大丈夫かなこの表紙。アドセンスのポリシー的にw
美大生の男2、女3の男女5人が部屋にタムロして就職活動から目をそらしつつ酒飲んでバカ話しながらゲームしてだらしないカッコで雑魚寝したりする、全体的に暇すぎるモラトリアム日常漫画。
踏んでる、雑すぎてカカトで乳踏んでる!
色々だらしなさすぎてヤッてても不思議じゃないけど、度胸もないのでヤッてないという無駄な青春。全然嬉しくないエロ満載。
7割方セックスの話してんですけど登場人物が誰もセックスしないという、登場人物も読者も含めて誰も得してないという。作者の一人勝ちやな。
最終巻。
モラトリアム漫画の描かれ方というのは、吸い物の作り方に似てると思います。
作品の主題や魅力は「モラトリアム描写」そのものなんですけど、「物語」にするために多かれ少なかれサブのテーマが終盤、特に最終巻に近くなると描かれることが多いです。
サブのテーマは、恋愛だったり、青春だったり、卒業だったり、別離だったり、将来だったり、懐古だったり、作品によっていろいろです。
「終わらない日常の夢」だったりする作品もあります。
昆布の出汁の味だけだとぼんやりして舌の印象に残らないので、塩で味を仕上げて「料理」になる、みたいなことかなと思います。
ダラダラ他愛なくくだらない日常モラトリアムを描くことが目的の作品でも、だからこそ終わる時に「ちょっとした事件」「ちょっと切ない」を塩代わりに入れたくなるのが人情とでもいうか、例外はとても少ないです。
モラトリアム描写だけだと印象に残らないので、サブテーマで成長や恋愛や追憶を入れることで、オチがついて印象をキリッとさせて「作品」「商品」になる、「この漫画、面白かったな」と印象に残らせる、的な。
自分もモラトリアム日常ものの「ちょっとした事件、ちょっと切ない最終回」が大好きです。
さて。
「美大・芸大もの」というのは、地味に漫画の一大ジャンルです。
才能・研鑽・切磋琢磨・情熱・将来・モラトリアムなど、青春要素を盛り込みやすいモチーフだということもありますが、なにより単純に美大・芸大出身の漫画家が非常に多いです。

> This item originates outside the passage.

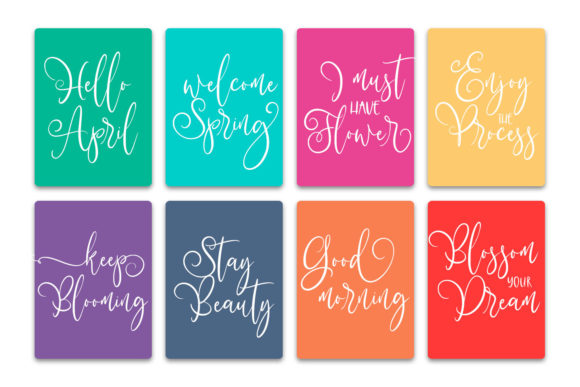 Blessed Farmhouse Font Poster 6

前段階の受験も含めてあらためて取材する必要が少ないですし、クリエイターでなくてすら、誰しも自分の青春時代の写し絵をストーリーにして作品として残したいものです。
作中、その要素がほとんど描かれませんでしたが、実はこの作品も「美大・芸大もの」でした。本作の舞台のモデルは作者の出身校の東京造形大とされますが、出身の有名人はこんな感じ。
www.minkou.jp
他、
(美大名・芸大名) 漫画家
でググると、大抵どこの大学も見覚えのある作家がゴロゴロ並んでます。
やっぱり情念が籠もるのか、「美大・芸大もの」の漫画には私小説的な青春漫画の名作が多いです。「美大・芸大出身の漫画家の作家キャリアで一度だけ許される、自分語り(私小説)の切り札」みたいなとこがあります。
んで。
前述のとおり、美味しい「塩」が各種取り揃えられている「モラトリアム」の「美大・芸大もの」がモチーフであるに関わらず、この作品は最後まで塩を入れないまま、ダラダラと他愛なくくだらない、「なんか昆布の味がするお湯」のまま終わりました。
彼らは卒業もしませんでしたし、誰かが誰かとくっつくでもなく、なんの事件も起こらず、ある意味ぶつ切りでただ音信が途切れるように終わりました。
作者はこの作品に、情熱も成長も別れも教訓もストーリーも、何も与えようとはしませんでした。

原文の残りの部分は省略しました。